Moving $\theta_1$ has the effect of changing the slope of the affine hypothesis function. This, by it's nature, is more pronounced when point $A$ moves to point $B$ than when $C$ moves to $D$ and this is precisely what is being captured by the $x_1$ term in $\theta_j + \alpha(y^{(i)}-h_\theta(x^{(i)}))x_1^{(i)}$. This is just the nature of adjusting the hypothesis function by pivoting on the $y$-axis. Further away $x$ values result in larger swings in the hypothesis function value as $\theta$ changes. No need to worry about the $x_0$ case as it's always $1$.
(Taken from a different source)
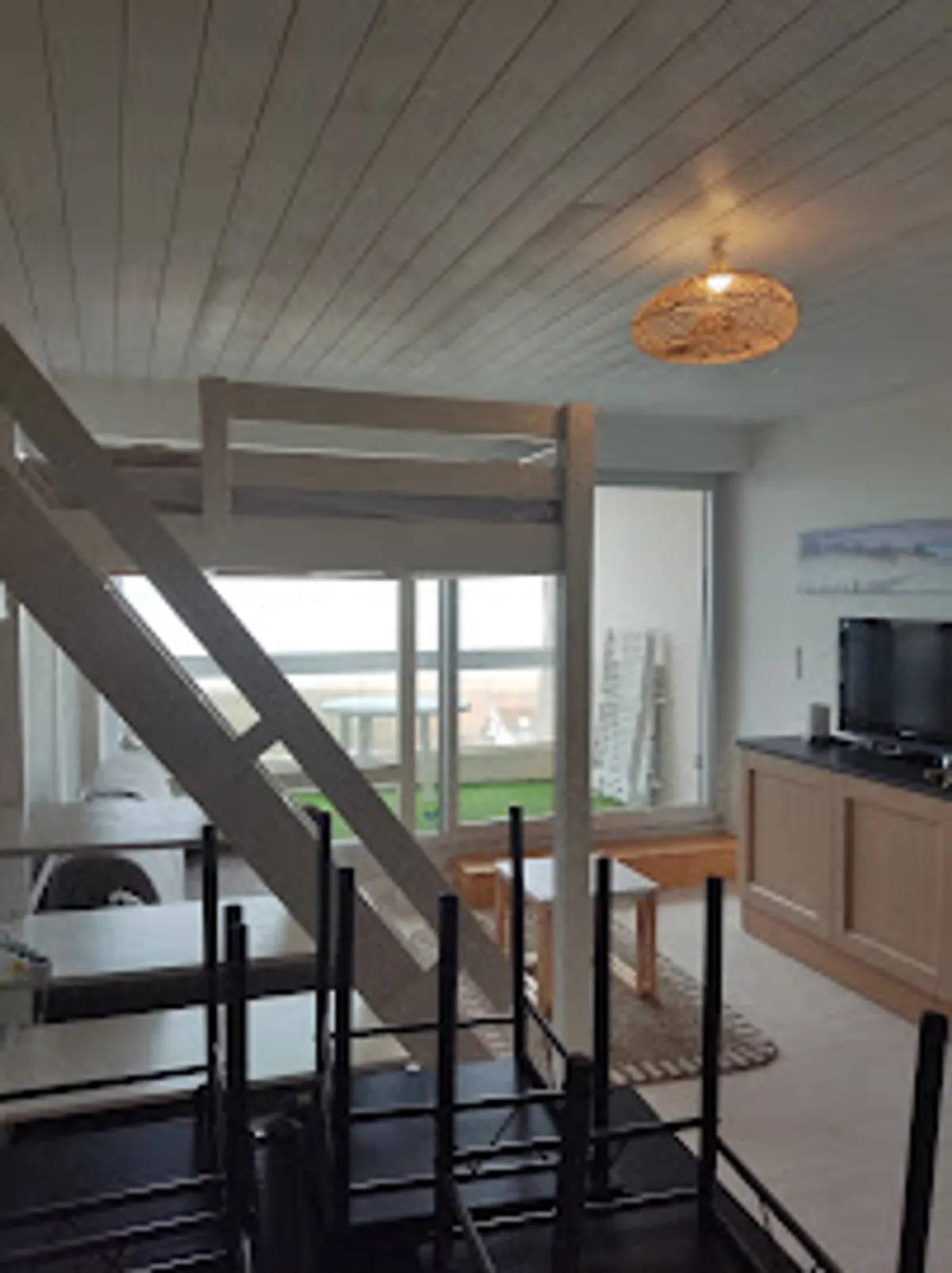 Alex Services 85 - Photo 3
Now, if we fix a training example $(x^{(i)}, y^{(i)})$ for some $i$ and (crudely) estimate the cost function to be $\hat{J}(\theta) = \frac{1}{2}(h_\theta(x^{(i)})-y^{(i)})^2$ (as is done in the Widrow–Hoff/LMS algorithm you provided), then the $x_j$ term comes out mathematically from the chain rule when differentiating $\hat{J}$ since:

$$\frac{\partial}{\partial{\theta_j}}(h_\theta(x^{(i)})-y^{(i)}) = x_j$$

which is capturing precisely the behaviour in the plot.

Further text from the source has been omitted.